- guardian.co.uk, Saturday 30 June 2012
Powerful storms have struck the mid-Atlantic states with hurricane-force gusts, knocking out power to more than (5 by June 30) million people in the region and prompting the West Virginia governor to declare a statewide emergency.
The US National Weather Service posted a severe thunderstorm watch for portions of the District of Columbia, eastern Kentucky, western Maryland, south-western Pennsylvania, much of Virginia and parts of West Virginia.
The advisory, which warned of wind gusts of up to 80mph (129km/h) and large hail, was to remain in effect until early on Saturday morning.
The West Virginia governor, Ray Tomblin, declared a state of emergency for the whole state after storms that he said had left about 500,000 people without electricity in at least 27 counties.
The declaration allows “government resources to be devoted immediately to helping those in need and restoring power as soon as possible”, he said in a statement.
Wind gusts at speeds of up to 79mph (127km/h) were reported in and around the US capital, knocking out power to hundreds of thousands of homes in the Washington DC area.
WJLA television reported one fatality in suburban Fairfax County, Virginia, after a tree fell on a car.
Bands of rain lashed the District of Columbia, and winds littered the streets with tree limbs as the fast-moving storms, which started in the Midwest after a day of severe heat, reached Washington and its suburbs late in the evening.

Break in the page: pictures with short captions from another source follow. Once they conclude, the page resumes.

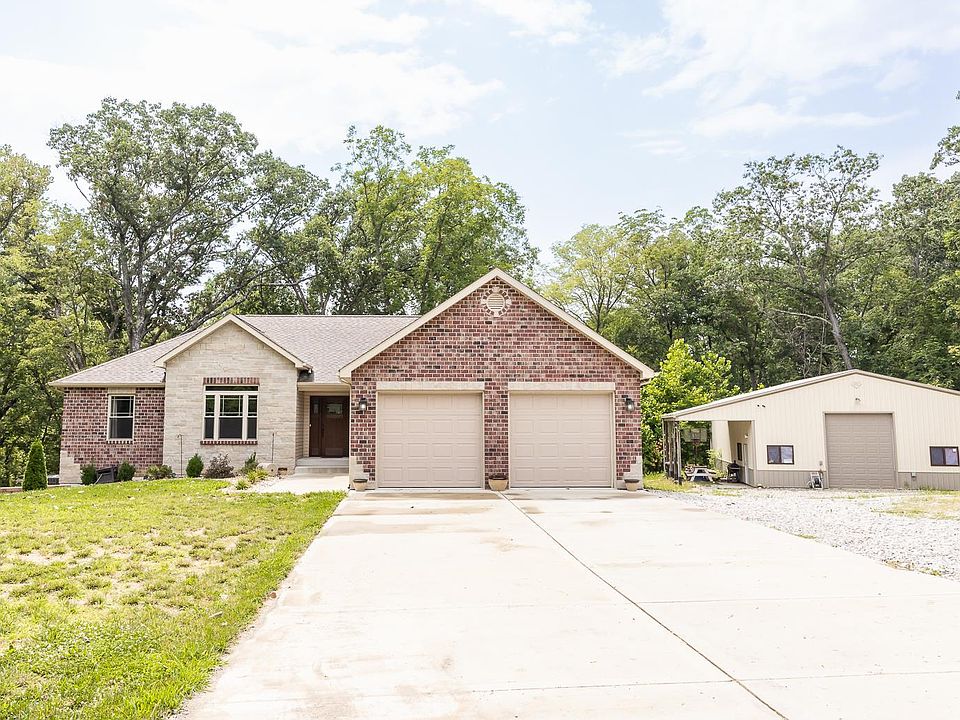 1st image of 5451 Barber Ln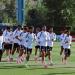 ناقد رياضي: الفوز على نيوزيلندا يقرب مصر من التأهل لدور الـ32 بكأس العالم
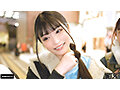 001＃百鬼 VERONICAアッセンブルッ！ - 9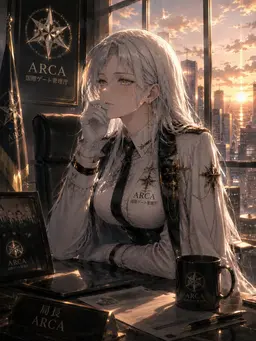 Profile image of ペク・ヒョリン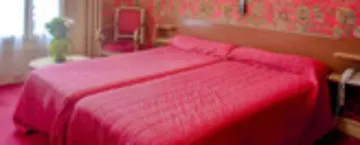Apollo Hotell 2*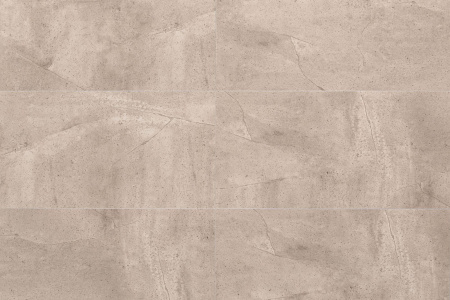 Aquafloor стеновые панели Aquawall AQUAWALL AW4253S Бежевый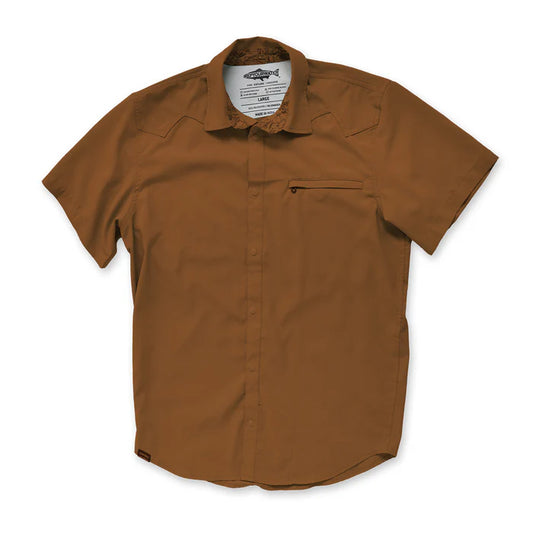 Deschutes SS Button Down lg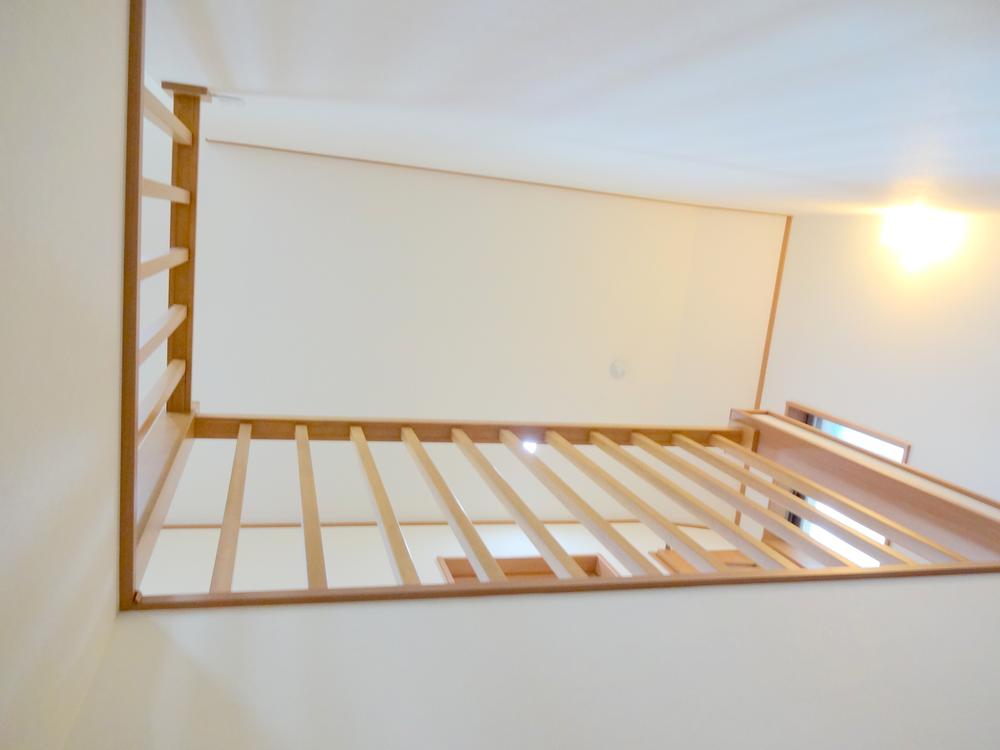 Other introspection. Indoor (11 May 2013) Shooting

WTOP radio said more than 800,000 people in the Washington area were without power. Outages hit several Washington Metro stations, the Washington Post reported.
A flash-flood warning was issued in Fredrick County, Maryland, until 1.15am on Saturday.
WUSA television in Washington said thousands of trees and tree branches were likely to have been downed by the storm.
Temperature records for the month of June were broken on Friday in Washington, Atlanta and Louisville, Kentucky. In all three cities, the temperature hit at least 104F (40C), according to the National Weather Service.